Cash for Clunkers
I’m wondering if Cash for Clunkers will be remembered as a turning point for the American people. We already spent roughly $100 billion of taxpayer money on the obsolete technology of 3500 lb. cars made by uncompetitive companies, happily ignorant of the fact that the world will be driving cars more like the Tata Nano (March 27 post; March 23 post). Could we really have spent enough money to fund 5000 Googles on GM and Chrysler? Yes, but the sum is so vast that human minds can’t contemplate the scale of the spending.
Cash for Clunkers has the following elements of spectacle:
- Americans destroying perfectly functional cars
- Americans whose skills are uncompetitive in the global marketplace driving around in fancy new cars
Somewhere in China and India they must be having a good laugh.
The deeper issues are more troubling. Cash for Clunkers only makes sense if we believe that our #1 problem is that we don’t drive sufficiently fancy cars.
Will the program save energy? Let’s leave aside the obvious waste of destroying a working car here, building a new one in Korea, and shipping it across the Pacific. Consider that a person who has a car worth $4500 has a limited budget for gasoline. If you give him a car that uses half as much gas per mile driven, he may simply drive twice as many miles. One of America’s acknowledged #1 problems is urban traffic congestion. We’ve come up with a program to make it a lot worse. A guy who would have carpooled to save on gas, ridden the bus, bicycled, or found a way to avoid the trip is now clogging the highways in his new Toyota.

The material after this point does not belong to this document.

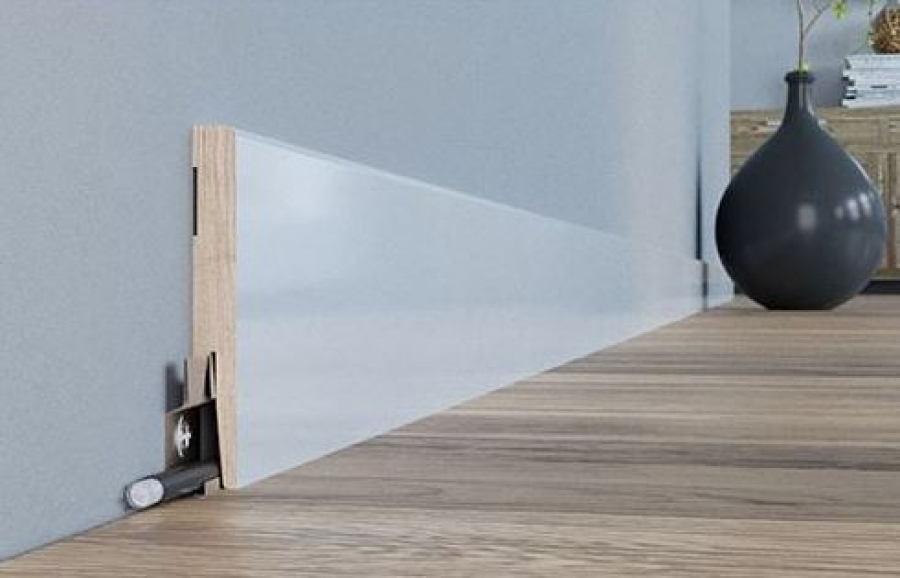 Lajsne / sokle Diamond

Will the program help less fortunate Americans? Consider a guy who has been foreclosed out of his unaffordable mortgage. He has a cheap apartment and a paid-for car that isn’t pretty but gets him to work. If he loses his job he can move in with his mom and not worry about debt. After Cash for Clunkers, the same guy has a new car that cost 10X as much as a Tata Nano and a consequently crushing car loan obligation through 2014.

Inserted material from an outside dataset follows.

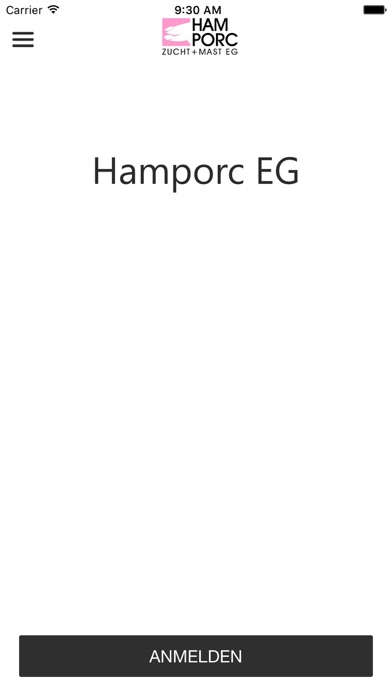 How to cancel & delete Hamporc EG from iphone & ipad 1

What else could we have done with the money? 37 percent of Americans don’t have broadband Internet at home (source). If we spent the Cash for Clunkers money on Let’s Try to Catch up with Korea (95 percent of households with broadband, typically much faster than ours (one source)) a lot of Americans might not have needed to make so many trips in their cars because (1) they could work from home, (2) they could shop from home, (3) they could get information from home, (4) they could find out, from home, that some place they were planning to go was in fact closed.